Acceder a una vivienda digna en España se está volviendo cada vez más complicado, según un arsenal de datos estadísticos procedentes del Gobierno, del Banco de España, del sector inmobiliario y hasta de los agentes sociales. Contrariamente a lo que sucedía en los años de la burbuja inmobiliaria, los problemas se concentran hoy en las ciudades más grandes y en las zonas turísticas más estresadas, tanto en la compra como en el alquiler, con una subida de precios sostenida durante los últimos años y especialmente acusada en Madrid, Barcelona, Málaga, Valencia, y en algunas zonas de Baleares y Canarias: ese incremento, unido a la falta de vivienda social, hace que la proporción de personas que realizan un sobreesfuerzo para pagar el alquiler haya aumentado significativamente y alcance ya una de las tasas más elevadas de Europa. Reducir esa dificultad es crucial para mejorar las tasas de natalidad, favorecer la capacidad de consumo y ahorro de los hogares, y evitar, por esta vía, un incremento de la desigualdad. El sobrecalentamiento de los precios inmobiliarios implica una dificultad creciente de los jóvenes para acceder a una vivienda, a la que se suma una de las tasas de paro más elevadas del Atlántico Norte y una de las tasas de precariedad más altas de Europa.
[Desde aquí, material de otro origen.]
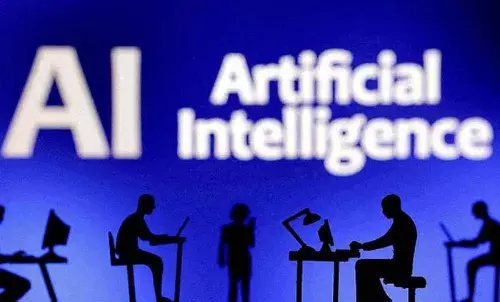 എല്ലാ മേഖലകളിലും ആര്ട്ടിഫിഷ്യല് ഇന്റലിജന്സ് നടപ്പിലാക്കാന് യുകെ സര്ക്കാര്; തൊഴില് നഷ്ടപ്പെടുന്നവര്ക്ക് പ്രത്യേക വേതനം നല്കും എല്ലാ മേഖലകളിലും ആര്ട്ടിഫിഷ്യല് ഇന്റലിജന്സ് നടപ്പിലാക്കാന് യുകെ സര്ക്കാര്; തൊഴില് നഷ്ടപ്പെടുന്നവര്ക്ക് പ്രത്യേക വേതനം നല്കും
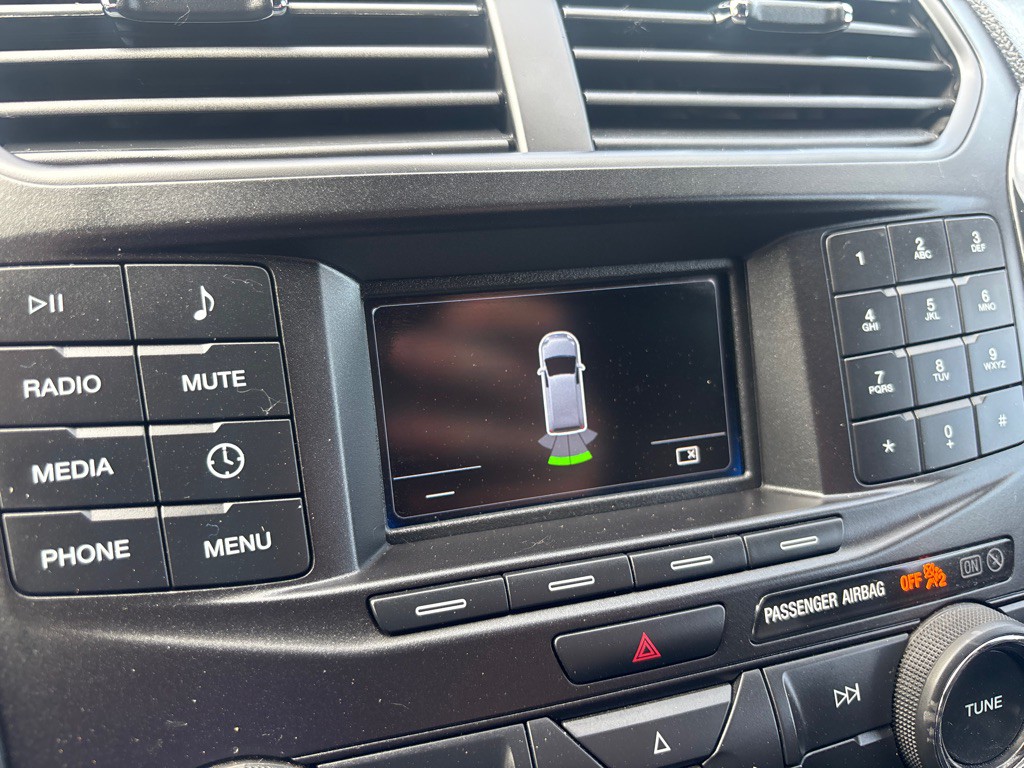 2019 Ford Explorer Image 17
Con esos mimbres, no es extraño que la vivienda haya sido el principal escollo para el acuerdo entre el PSOE y Unidas Podemos sobre el proyecto de Presupuestos Generales del Estado, esencial para pacificar lo que resta de legislatura. El paquete anunciado conjuga medidas populares, como el bono para el alquiler, con instrumentos de más calado, como los incentivos para sacar viviendas vacías al mercado y para aumentar el parque de vivienda social. Hay que subrayar el acuerdo político alcanzado, aunque en el debe cabe destacar que falta hoy concreción en las principales propuestas.
La vivienda es una prioridad política para los dos socios del Gobierno. Los habituales trompetistas del apocalipsis afirman que esas medidas pueden ahuyentar a potenciales inversores y que distorsionan el sacrosanto juego de la oferta y la demanda. El mercado, sin embargo, no parece que haya funcionado especialmente bien en los últimos tiempos, y no solo por una estructura de incentivos que llevó hace 15 años a la burbuja inmobiliaria. En Alemania y en varios países europeos hemos visto propuestas en la línea de lo que plantea el Ejecutivo de Pedro Sánchez.
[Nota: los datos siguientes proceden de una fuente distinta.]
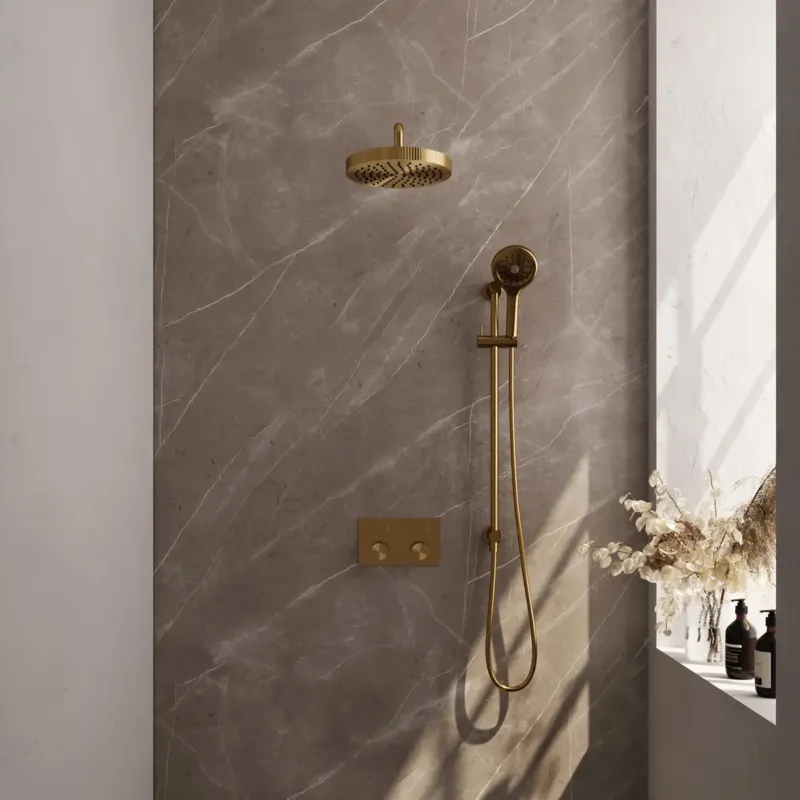 Brauer Stripe inbouw regendouche met 25cm hoofddouche, gebogen muurarm, 3 standen handdouche en glijstang set 35 messing geborsteld PVD Betaalbaar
En el acuerdo hay algunos elementos cuestionables, como la previsión de rebajas de los alquileres de los denominados grandes propietarios, pero no por tratarse de un ataque a la propiedad privada, sino porque sus efectos serán más simbólicos que reales. Los grandes propietarios controlan menos del 15% del stock de viviendas, y la aplicación de la rebaja dependerá de ayuntamientos y comunidades autónomas en las áreas tensionadas: es previsible que su aplicación sea muy limitada, en particular tras anunciar Pablo Casado la insumisión del PP y sus comunidades a la aplicación de una ley estatal.
Menos discutible es la utilización de instrumentos fiscales, como la desgravación, para fomentar el mantenimiento de las rentas, aunque también en este caso habrá que esperar a la redacción final de la ley para descartar que suceda algo parecido a lo que pasó con las desgravaciones fiscales de hace dos décadas, que iban directamente al bolsillo de los vendedores y arrendadores. El anunciado “bono joven” debería articularse evitando las deficiencias que lastraron una medida similar impulsada en 2008, y es quizá la medida más popular, pero la sustancia de la nueva regulación está en otra parte: la acción combinada del fomento decidido de la vivienda social orientada hacia los jóvenes (con la necesaria contribución de todas las administraciones). Los detalles de la ley darán la medida de su ambición y de su utilidad para atajar el problema.